Mesenchymal stem cell isolation. Bone marrow mesenchymal stem cells (MSCs) were isolated from femurs and tibia by flushing them with media and expanding them in Dulbecco’s modified Eagle’s medium (DMEM) supplemented with 10% calf bovine serum, 2 mM sodium pyruvate, 100 IU/mL penicillin, and 100 μg/mL streptomycin. Cells were maintained in subconfluent culture as previously described (Chamorro-García et al. 2012).

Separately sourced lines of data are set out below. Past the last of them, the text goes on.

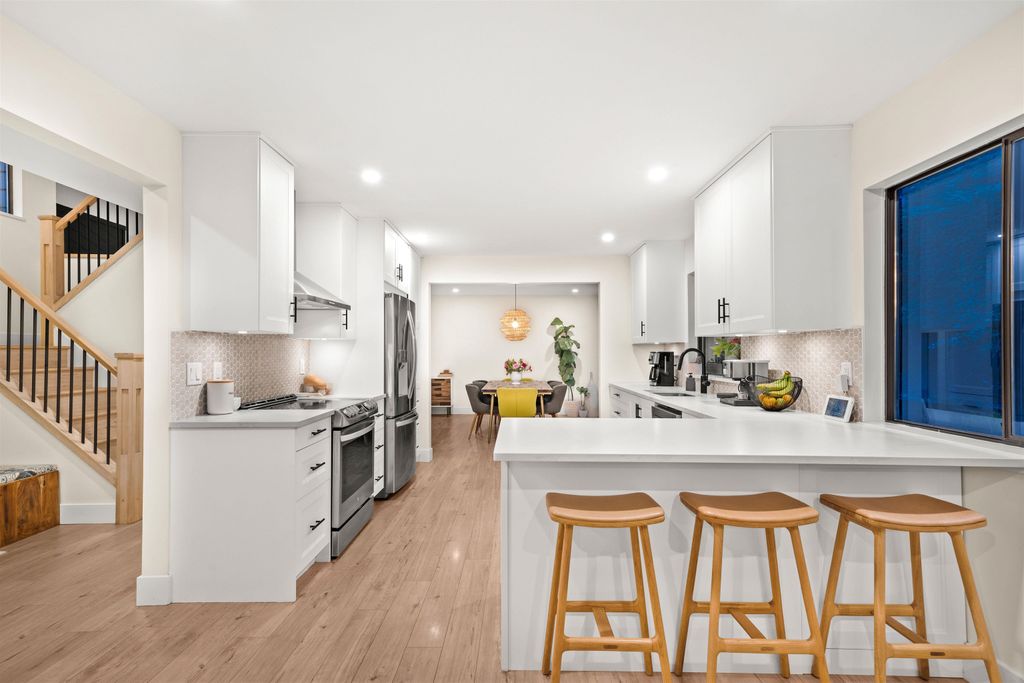 listing image 1100556022953264170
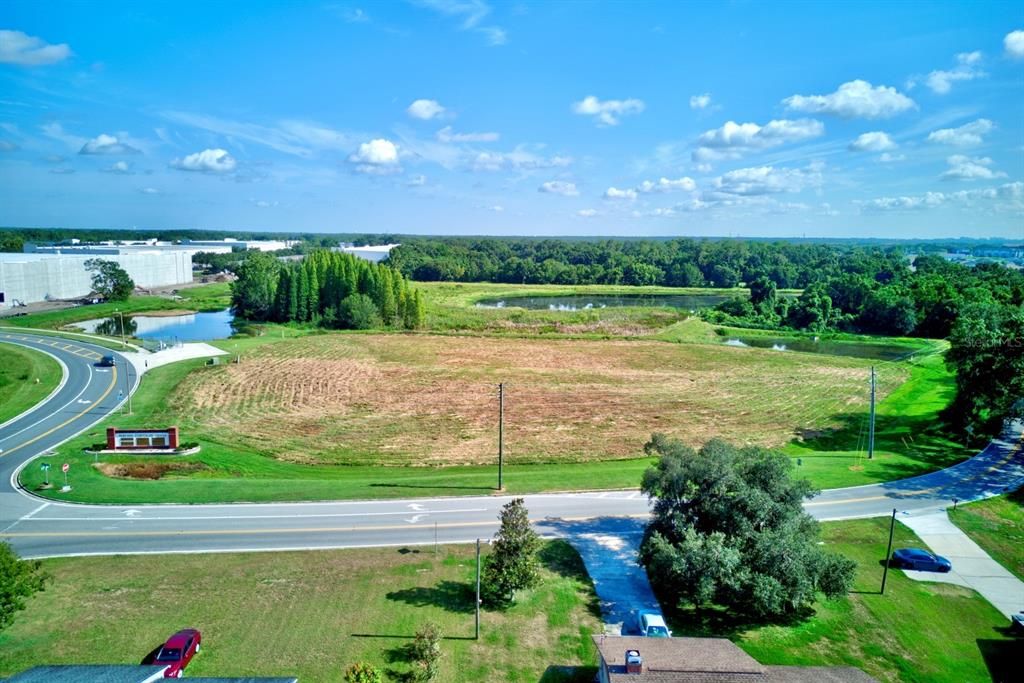 待售: $1,490,000 (3.54 acres)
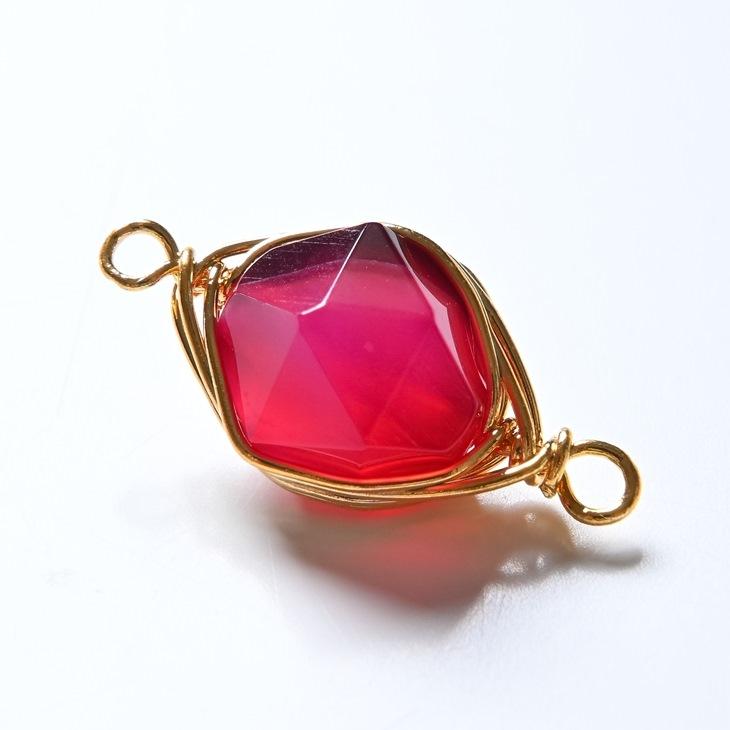 ヴィンテージ 手の形 チャーム 赤いストーン st03164_1.jpg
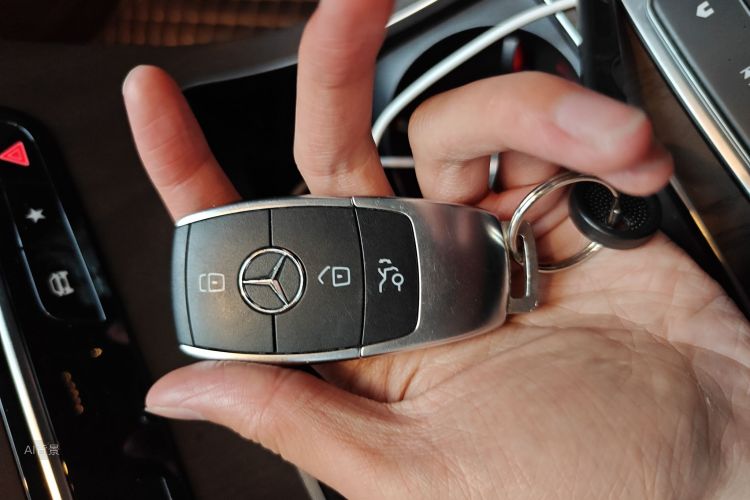 Mercedes-Benz GLC Class 2020 car image #10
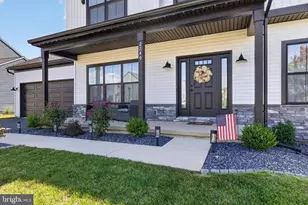2249 S Autumn Chase Dr, Mechanicsburg, PA 17055 - Photo 2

Quantitative real-time reverse transcriptase polymerase chain reaction (QPCR). Total RNA was extracted from MSCs and livers using TRIzol reagent (GIBCO-BRL, Gaithersburg, MD). Complementary DNA was generated from 2 μg DNase-treated RNA using Transcriptor Reverse Transcriptase (Roche, Nutley, NJ) following the manufacturer-recommended protocol. Real-time RT-PCR was performed in the DNA Engine Opticon Thermal Cycler (MJ Research/Bio-Rad Laboratories, Hercules, CA). QPCR was performed using FastStart SYBR Green Master Mix (Roche) and 100 nM of primers [see Supplemental Material, Table S3 (http://dx.doi.org/10.1289/ehp.1205701)]. Primer3 software (Rozen and Skaletsky 2000) was used to select primers, and we verified that each primer produces a single peak by gel electrophoresis and melting curve analysis. Target genes examined were PPARγ2, PPARα, fatty acid binding protein 4 (Fabp4), zinc finger protein 423 (Zfp423), lipoprotein lipase (LPL), preadipocyte factor-1 (Pref-1), alkaline phosphatase (ALP), runt-related protein 2 (Runx2), steroid receptor element binding protein 1c (SREBP1c), glycerol kinase (GyK), fatty acid synthase (FASN), acyl-CoA oxidase (ACOX), fat specific protein 27 (Fsp27/CideC), fatty acid transporter protein (FATP). We quantified expression levels of each target gene relative to β-actin (housekeeping gene) in the same sample following the 2–ΔΔCT method (Livak and Schmittgen 2001).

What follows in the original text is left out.